At last the queen stopped, shifting the weight of the knapsack on her back as she turned to face her cousin.  Hepdida tried to catch her cousin’s eye, but Niarmit’s gaze flicked restlessly to left and right never alighting for more than a second on the princess’s face.  “It didn’t sound so bad to me,” Hepdida insisted.  “Johanssen and Torsden had just asked Isobel when the reinforcements were due.  No need for you to go at all, still less to set off hours earlier than you had told them you would.”

“They sense a threat, I should be there not here.”  

Hepdida frowned.  The words lacked Niarmit’s usual certainty. It was less a statement of conviction, more an attempt to convince.

“And what of Quintala and the threat she poses?”

“I can’t be everywhere.  I made a mistake coming here, that is all.”

The princess bit her lip.  “The last time you left me here while you went gallivanting off to Nordsalve it nearly ended badly, very badly for both of us.”

Niarmit waved her cousin’s concerns aside. “tsk, that was then.  We’ve discussed this already.  You are safer here now behind the wards Rugan has laid, than anywhere else in the whole Salved Kingdom. And I am not about to journey across some frozen wasteland under the eye of hostile orcs, but am taking passage through a gate directly from one fortress to another.”

“But such haste.” Hepdida shook her head as the queen stepped back, itching to be on her way.  “What are you running from, Niarmit?”

The queen went pale. “I am not running, at least not from anything.  If I take the gate to Karlbad I am a two day ride from Colnhill.   Here I am five days away.  I think even you might see how those sums add up.”

Hepdida took a step back at the rebuke, but there was a brittle edge to the rare scorn in her cousin’s voice.  “What’s worrying you, Niarmit?”  She demanded. “Tell me.”

“Nothing, Hepdida.” The queen swung away, impatient strides taking her towards the raised council chamber in the middle of Rugan’s gardens.  “Nothing except a pressing need to be elsewhere, as I have explained.”

“To be elsewhere, or to be alone.” Hepdida called after her.  “Why are you going there alone?”

Niarmit swung round.  Her shoulders slumped in weariness, but her hand combed fretfully through her red hair. “Must I explain everything?  There is no point in challenging Sorenson’s gate with more traffic than we need.  Extra souls passing through may dissolve it entirely, while we still may have need of it.”

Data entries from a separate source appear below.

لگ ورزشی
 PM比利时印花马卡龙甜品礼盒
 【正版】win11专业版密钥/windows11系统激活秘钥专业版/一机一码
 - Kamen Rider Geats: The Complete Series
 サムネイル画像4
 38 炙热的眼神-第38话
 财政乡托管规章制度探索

“You are a queen, you should not travel alone.”

“I’m used to ‘alone’ it has been my companion through long years in Undersalve stalking the invaders.”

“That was then, this is now.”  Hepdida found she had stamped her foot.  “It does not become a queen to dart here and there on her own on a whim.”

“And it does not become a servant girl turned princess to give lectures to her monarch.”

Hepdida glared back at her cousin, silent but defiant. She had irked Niarmit enough times to know her different moods, the times she had been disappointed, or annoyed, or furious.  There was some other motivation lurking here, a tremble to her lip, a flicker of eyelashes as she blinked a little faster than before.  Anxiety? Some gut wrenching anxiety?  “What’s the matter Niarmit?”

“Nothing, beyond what I’ve already told you a dozen times.  Now I have to go.”

“I’ll come with you.” 

“No!”  Niarmit’s vehemence startled both of them.  Hepdida covered her mouth with her hand; The queen looked abashed.

“I’ll see you on your way then.”

Niarmit shook her head.  “No, we say our goodbyes here.  You’ll be safe here, keeping Andros entertained and Giseanne will be glad of the company.  You’ll enjoy it.  Now let me go, Hepdida.  Please, no more arguing.  I can’t…”  She looked away at the trees of Rugan’s garden frothy now with summer blossom. “Just let me go.  I have to do this and do it by myself.”

“You don’t have to be alone.”

“I do.  I always have.  Now goodbye.”  She spread her arms to invite a parting hug.   Hepdida returned her cousin’s embrace with interest, squeezing her tight.  Niarmit pulled back and straightened some wayward seam on Hepdida’s dress. 

“There,” she said.  “You’ll be fine.”  And then she turned and was gone, leaping up the steps to the raised council chamber two at a time.